Algunos de los síntomas físicos más habituales suelen ser: taquicardia, temblor de manos o cuerpo, malestar abdominal, enrojecimiento, tensión muscular, sequedad de boca y sudoración. Estos síntomas suelen ir acompañados de un gran malestar emocional, dónde la baja autoestima y los sentimientos de desánimo suelen ser permanentes. Un problema principal de este trastorno es la evitación de situaciones sociales, que en mayor o menor medida, son fundamentales para el desarrollo de una vida plena.

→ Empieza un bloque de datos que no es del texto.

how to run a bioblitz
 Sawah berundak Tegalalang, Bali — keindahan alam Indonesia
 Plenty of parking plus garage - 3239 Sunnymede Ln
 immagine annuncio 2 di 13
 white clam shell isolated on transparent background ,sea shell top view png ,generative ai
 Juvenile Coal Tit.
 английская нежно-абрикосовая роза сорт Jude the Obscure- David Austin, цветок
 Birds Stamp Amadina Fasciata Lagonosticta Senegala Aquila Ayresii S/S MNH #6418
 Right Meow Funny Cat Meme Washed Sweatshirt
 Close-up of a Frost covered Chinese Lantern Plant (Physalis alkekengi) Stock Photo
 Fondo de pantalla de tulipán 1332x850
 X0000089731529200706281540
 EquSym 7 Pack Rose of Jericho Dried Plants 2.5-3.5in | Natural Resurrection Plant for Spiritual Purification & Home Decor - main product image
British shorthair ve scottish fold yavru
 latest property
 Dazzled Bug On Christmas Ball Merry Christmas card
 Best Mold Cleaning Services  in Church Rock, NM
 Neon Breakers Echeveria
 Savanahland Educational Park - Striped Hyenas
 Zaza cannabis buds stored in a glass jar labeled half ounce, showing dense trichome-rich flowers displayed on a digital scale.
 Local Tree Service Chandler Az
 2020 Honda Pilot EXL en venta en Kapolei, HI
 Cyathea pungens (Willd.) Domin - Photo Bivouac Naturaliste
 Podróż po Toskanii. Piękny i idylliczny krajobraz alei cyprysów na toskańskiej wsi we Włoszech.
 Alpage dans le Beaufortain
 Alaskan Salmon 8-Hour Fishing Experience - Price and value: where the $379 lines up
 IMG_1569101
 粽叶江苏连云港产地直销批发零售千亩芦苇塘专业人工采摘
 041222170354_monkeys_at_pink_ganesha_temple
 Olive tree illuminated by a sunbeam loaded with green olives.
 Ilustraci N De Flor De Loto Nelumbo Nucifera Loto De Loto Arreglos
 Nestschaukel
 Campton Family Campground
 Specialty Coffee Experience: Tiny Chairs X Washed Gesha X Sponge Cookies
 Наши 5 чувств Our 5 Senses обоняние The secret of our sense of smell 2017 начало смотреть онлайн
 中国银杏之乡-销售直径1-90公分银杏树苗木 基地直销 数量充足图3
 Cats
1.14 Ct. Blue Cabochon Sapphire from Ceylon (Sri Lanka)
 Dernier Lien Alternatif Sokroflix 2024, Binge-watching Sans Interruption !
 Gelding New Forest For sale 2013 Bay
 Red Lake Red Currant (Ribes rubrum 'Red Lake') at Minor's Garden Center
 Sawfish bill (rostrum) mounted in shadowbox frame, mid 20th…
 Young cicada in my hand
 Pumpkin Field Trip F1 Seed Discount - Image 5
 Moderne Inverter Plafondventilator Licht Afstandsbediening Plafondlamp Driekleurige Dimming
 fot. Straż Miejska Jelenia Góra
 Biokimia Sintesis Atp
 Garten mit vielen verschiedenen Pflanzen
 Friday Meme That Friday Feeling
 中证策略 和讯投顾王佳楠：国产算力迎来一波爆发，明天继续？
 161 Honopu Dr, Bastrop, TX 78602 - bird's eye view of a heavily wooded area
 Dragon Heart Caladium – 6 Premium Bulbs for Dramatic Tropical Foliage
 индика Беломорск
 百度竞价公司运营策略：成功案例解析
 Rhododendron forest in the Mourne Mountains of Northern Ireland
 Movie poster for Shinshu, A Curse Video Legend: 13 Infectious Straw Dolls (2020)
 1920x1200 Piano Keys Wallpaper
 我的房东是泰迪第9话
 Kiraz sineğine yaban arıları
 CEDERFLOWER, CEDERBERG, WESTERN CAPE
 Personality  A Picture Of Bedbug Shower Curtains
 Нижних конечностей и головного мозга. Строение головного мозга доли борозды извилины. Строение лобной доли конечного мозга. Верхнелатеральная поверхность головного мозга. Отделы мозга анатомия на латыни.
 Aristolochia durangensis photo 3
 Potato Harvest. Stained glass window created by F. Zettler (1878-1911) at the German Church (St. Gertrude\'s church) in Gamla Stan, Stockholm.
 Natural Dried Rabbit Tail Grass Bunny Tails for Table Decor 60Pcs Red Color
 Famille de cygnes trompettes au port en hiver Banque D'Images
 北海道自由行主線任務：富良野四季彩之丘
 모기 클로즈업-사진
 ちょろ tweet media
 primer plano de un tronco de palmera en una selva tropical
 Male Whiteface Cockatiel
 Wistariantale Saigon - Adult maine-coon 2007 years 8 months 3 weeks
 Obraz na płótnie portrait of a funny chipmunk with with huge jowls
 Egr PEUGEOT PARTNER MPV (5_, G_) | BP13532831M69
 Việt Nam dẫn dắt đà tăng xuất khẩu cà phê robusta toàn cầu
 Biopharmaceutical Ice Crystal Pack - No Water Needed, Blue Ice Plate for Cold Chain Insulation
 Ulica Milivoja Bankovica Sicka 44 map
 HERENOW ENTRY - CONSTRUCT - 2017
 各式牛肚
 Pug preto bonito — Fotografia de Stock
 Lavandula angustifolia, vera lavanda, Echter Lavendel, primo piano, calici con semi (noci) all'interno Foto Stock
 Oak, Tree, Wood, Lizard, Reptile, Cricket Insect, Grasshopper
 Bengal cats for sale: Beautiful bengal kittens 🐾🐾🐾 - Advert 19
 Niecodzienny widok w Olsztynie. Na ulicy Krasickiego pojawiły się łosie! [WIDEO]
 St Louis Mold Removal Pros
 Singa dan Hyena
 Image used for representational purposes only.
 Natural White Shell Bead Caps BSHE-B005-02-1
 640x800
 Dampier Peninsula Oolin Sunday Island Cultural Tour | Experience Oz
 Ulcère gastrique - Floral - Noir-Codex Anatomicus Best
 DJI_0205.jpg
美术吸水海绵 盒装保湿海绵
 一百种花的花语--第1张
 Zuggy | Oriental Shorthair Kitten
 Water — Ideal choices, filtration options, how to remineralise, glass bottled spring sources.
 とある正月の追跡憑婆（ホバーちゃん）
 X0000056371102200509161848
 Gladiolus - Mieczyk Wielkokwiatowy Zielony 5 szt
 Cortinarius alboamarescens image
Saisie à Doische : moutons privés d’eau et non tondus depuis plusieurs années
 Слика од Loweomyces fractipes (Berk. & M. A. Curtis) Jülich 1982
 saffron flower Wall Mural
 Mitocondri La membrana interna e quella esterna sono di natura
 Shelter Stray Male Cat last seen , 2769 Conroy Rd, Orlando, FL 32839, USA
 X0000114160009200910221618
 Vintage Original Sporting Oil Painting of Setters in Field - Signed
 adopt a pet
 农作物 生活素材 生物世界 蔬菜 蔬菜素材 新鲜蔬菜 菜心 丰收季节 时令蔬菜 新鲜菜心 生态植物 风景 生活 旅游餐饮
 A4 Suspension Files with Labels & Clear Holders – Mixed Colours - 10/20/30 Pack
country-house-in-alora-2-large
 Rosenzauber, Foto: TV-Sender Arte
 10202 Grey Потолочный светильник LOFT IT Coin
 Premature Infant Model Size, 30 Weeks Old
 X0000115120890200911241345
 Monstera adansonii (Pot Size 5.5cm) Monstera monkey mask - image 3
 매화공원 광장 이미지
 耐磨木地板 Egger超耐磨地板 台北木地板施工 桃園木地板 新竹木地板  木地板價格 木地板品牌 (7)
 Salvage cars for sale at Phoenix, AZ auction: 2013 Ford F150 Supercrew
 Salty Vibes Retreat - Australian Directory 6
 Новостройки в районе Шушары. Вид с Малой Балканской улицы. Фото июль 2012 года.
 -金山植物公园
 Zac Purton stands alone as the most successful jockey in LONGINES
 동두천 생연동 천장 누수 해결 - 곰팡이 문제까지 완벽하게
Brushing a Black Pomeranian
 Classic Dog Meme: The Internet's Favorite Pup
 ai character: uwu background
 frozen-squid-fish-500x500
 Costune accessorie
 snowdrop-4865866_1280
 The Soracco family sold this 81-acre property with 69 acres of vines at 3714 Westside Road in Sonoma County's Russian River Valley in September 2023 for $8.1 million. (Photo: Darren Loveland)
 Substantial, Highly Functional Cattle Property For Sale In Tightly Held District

Las evitaciones, así como los síntomas, suelen comenzar en la infancia o adolescencia. Influyen negativamente en el desenvolvimiento escolar, reducen la capacidad de interacción con los compañeros de escuela o instituto y coarta la vida sentimental de muchos jóvenes y adultos. El ámbito laboral también es una fuente de problemas para el fóbico social, ya que suelen ser entornos muy jerarquizados con figuras de autoridad, que no hacen más que incomodar aún más al afectado. A nivel cognitivo tienen la creencia de que están en peligro y que están siendo evaluados negativamente de esta forma tiene una autoimágen de si mismos negativa y que la basan en cómo se sienten.

Algunos de lo signos de alerta a tener en cuenta para diagnosticar una fobia social son:

  • Temor a conocer gente nueva o gran ansiedad al ser presentados por primera vez
  • Ansiedad excesiva en situaciones sociales cotidianas (con gente conocida)
  • Miedo a comer, beber o escribir en público
  • Miedo a utilizar y compartir lugares públicos: lavabos, comedores, salas de estudio, etc.